[Pkg-ofed-devel] ofa-kernel: ib_query_gid() failed
Guy Coates
gmpc at sanger.ac.uk
Mon Oct 12 19:18:53 UTC 2009
Mario Lang wrote:
> Guy Coates <gmpc at sanger.ac.uk> writes:
>
>>> However, opensm fails to start which can be traced down
>>> to ibstat -p hanging. dmesg produces the following output upon
>>> /etc/init.d/opensm start:
>>>
>>> Oct 12 12:52:48 node1 kernel: [ 78.170077] ib0: ib_query_gid() failed
>>> Oct 12 12:52:58 node1 kernel: [ 89.272789] ib0: ib_query_port failed
>>>
>>> We dont get any other obvious dmesg errors.
>
>> Does opensm run if you explicitly tell it to start on the port?
>
> Yes, but the log is full of errors. I attach it at the end of this mail.
>
>> Does ibstat hang if you do not give it the -p option?
>
> node1:~# ibstat
> ibpanic: [5764] main: stat of IB device 'mlx4_0' failed: (Device or resource busy)
>
>> That sounds like a bug that should be reported to the openfabrics
>> people.
>
>> (I can't reproduce it on my setup, so it sounds like this is a
>> hardware dependant bug.)
>
> Is there a good way to verify that all the modules required are
> really loaded from /lib/modules/$(uname -r)/updates/ to make sure
> the ofa-kernel install really did what it was supposed to do?
You can run modinfo on all the modules;
/sbin/lsmod | awk '{print $1}' | xargs modinfo | grep filename
That will tell you what modprobe would load.
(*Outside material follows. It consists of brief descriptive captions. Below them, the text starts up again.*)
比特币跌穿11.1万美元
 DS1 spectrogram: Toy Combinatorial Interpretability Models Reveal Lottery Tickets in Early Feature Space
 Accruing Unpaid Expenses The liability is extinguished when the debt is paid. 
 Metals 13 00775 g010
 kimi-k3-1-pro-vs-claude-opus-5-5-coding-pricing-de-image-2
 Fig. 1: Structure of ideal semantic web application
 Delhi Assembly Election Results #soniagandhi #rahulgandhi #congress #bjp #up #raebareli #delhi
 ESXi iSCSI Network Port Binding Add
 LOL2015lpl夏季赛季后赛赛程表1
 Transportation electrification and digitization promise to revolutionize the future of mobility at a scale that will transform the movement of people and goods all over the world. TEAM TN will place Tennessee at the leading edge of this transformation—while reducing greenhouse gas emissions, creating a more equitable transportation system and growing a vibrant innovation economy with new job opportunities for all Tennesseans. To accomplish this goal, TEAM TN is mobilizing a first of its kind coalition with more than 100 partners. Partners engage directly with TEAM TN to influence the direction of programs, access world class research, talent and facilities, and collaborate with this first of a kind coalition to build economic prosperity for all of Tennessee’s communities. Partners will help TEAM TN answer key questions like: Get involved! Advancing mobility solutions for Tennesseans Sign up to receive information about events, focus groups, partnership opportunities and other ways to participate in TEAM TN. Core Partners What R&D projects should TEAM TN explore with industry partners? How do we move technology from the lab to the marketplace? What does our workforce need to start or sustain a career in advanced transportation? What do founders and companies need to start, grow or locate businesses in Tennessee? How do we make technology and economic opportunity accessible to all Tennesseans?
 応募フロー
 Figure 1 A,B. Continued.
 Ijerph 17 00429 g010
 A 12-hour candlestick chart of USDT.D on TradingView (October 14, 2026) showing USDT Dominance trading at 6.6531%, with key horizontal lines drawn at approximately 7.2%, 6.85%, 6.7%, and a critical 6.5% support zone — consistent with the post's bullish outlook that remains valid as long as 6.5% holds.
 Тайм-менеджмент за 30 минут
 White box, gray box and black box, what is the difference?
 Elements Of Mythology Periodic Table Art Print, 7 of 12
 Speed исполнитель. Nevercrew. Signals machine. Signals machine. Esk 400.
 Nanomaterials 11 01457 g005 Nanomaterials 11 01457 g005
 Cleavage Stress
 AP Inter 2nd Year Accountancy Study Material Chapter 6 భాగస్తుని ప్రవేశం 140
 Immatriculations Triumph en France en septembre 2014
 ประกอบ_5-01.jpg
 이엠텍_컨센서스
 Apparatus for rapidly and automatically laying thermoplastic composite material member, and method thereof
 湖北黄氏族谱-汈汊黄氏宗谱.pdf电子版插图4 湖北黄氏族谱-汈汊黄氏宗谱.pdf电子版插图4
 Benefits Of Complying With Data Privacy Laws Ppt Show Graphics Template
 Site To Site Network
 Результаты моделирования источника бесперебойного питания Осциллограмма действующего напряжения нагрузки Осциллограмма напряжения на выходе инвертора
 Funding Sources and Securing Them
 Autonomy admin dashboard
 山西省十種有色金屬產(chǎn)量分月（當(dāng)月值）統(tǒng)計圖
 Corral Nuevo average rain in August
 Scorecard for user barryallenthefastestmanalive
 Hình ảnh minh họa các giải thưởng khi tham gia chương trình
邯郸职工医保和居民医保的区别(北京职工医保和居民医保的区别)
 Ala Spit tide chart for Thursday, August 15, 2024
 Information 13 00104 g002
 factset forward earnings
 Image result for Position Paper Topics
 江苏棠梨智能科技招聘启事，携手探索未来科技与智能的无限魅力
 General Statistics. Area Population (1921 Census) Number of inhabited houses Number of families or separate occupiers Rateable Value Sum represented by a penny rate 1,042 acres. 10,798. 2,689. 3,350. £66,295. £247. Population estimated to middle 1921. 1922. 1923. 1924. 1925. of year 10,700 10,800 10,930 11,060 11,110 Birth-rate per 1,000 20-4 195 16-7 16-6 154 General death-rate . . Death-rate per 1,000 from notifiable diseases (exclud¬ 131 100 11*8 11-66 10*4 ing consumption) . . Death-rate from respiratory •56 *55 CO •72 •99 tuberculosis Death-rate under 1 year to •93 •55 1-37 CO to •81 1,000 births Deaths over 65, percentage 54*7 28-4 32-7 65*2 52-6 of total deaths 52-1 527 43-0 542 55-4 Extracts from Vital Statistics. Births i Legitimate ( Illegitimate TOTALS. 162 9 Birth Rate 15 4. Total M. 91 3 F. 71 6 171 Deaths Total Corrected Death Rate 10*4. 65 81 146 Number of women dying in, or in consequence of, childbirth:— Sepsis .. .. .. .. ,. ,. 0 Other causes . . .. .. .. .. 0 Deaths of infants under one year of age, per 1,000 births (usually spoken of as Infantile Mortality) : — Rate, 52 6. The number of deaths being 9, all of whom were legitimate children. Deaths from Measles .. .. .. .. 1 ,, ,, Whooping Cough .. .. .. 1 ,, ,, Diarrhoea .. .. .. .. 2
However, that is not quite
the same as what module *actually* was loaded.
You should regenerate your initrd too, to make sure that the new modules
are installed there too.
update-initramfs -u
This sounds like the same problem that jobic at polytech.univ-mrs.fr
reported back in August; we were not able to get to the bottom of it,
but your testing certainly points to a fairly fundamental bug in the
ofa-kernel modules.
Can you try on a node with a minimal infiniband configuration?
deconfigure the ipoib interfaces and just load the following modules:
mlx4_ib
ib_umad
That should be enough to get ibstat working.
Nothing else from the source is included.